Les premiers essais de Biœrnson, les manifestations involontaires de son talent furent sans doute les chansons dont ses récits sont parsemés. Ces poésies sont peu nombreuses, très simples, mais d’une allure tout individuelle et d’une mélodie singulièrement pénétrante. Par la forme et l’inspiration, elles se rattachent pour la plupart aux chansons populaires de Suède et de Norvège ; c’est le sol frais où elles ont poussé comme de brillantes fleurs alpestres dans un champ d’anémones sauvages.

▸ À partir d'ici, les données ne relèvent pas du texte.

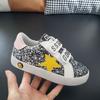 2223 Zapatos de Estrella para Niñas Zapatos Infantiles Estilo Coreano Perla Zapatos para Niños Zapatos Infantiles de Suela Suave Zapatos Blancos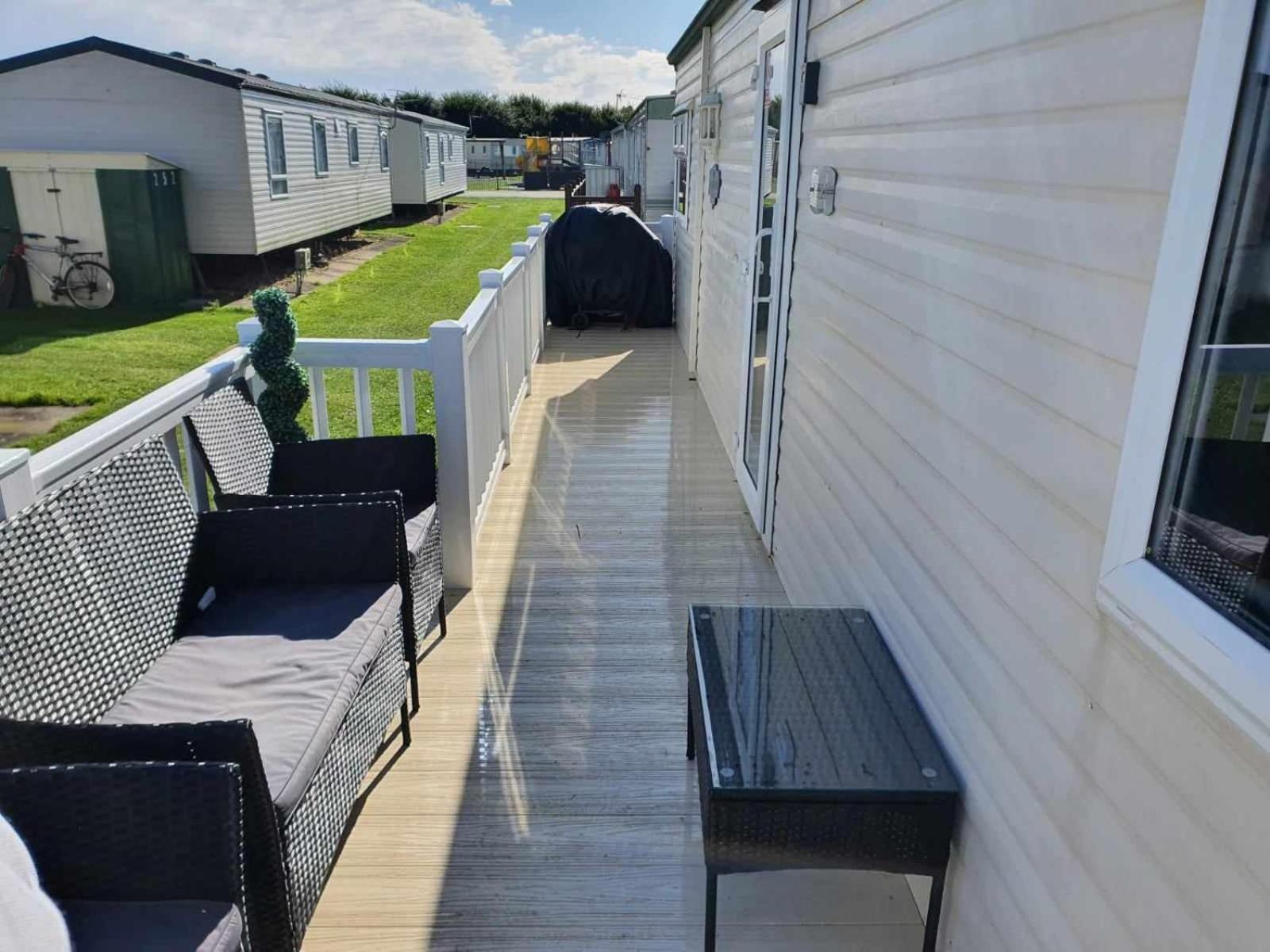 S265 3 Bed Caravan Golden Palm . Campsite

Enfant, Biœrnson fut bercé de ces romances mystérieuses, de ces ballades tragiques ou enjouées qui se sont conservées jusqu’à nos jours parmi les peuples du nord. Sous leur forme naïve, elles sont les derniers vestiges du paganisme et chantent surtout les divinités élémentaires qui séduisent les enfans des hommes. Ces esprits moqueurs et caressans, beaux et perfides, sont pour eux un perpétuel objet d’effroi et de désir. Tantôt un nix, dieu de mer, entraîne une jeune fille au fond de l’eau, sous prétexte de la conduire à l’église, tantôt deux elfes des bois s’approchent d’un seigneur endormi au clair de lune dans le val des roses. L’un lui prend la main, l’autre lui chuchote à l’oreille : « Réveillez-vous, beau chevalier, aimez-vous ma mélodie d’amour ? Seigneur Magnus, répondez-moi ! Ne dites pas non, dites oui, oui ! » Ces romances, variées à l’infini, peignent toutes l’éternelle attraction de la nature sur l’homme, elles sont pleines de la vague harmonie des mers et des forêts, et leurs refrains expriment avec une remarquable précision les mouvemens secrets de l’âme. Non-seulement le peuple chante ces vieilles ballades, il en fait de nouvelles. Aux danses, aux noces, aux fiançailles, jeunes et vieux composent des chansons, et, comme dans tout lyrisme spontané, la musique s’improvise avec les paroles. En un mot, chez ces peuples, la poésie existe encore à l’état primitif, sous une forme humble, mais très vivante.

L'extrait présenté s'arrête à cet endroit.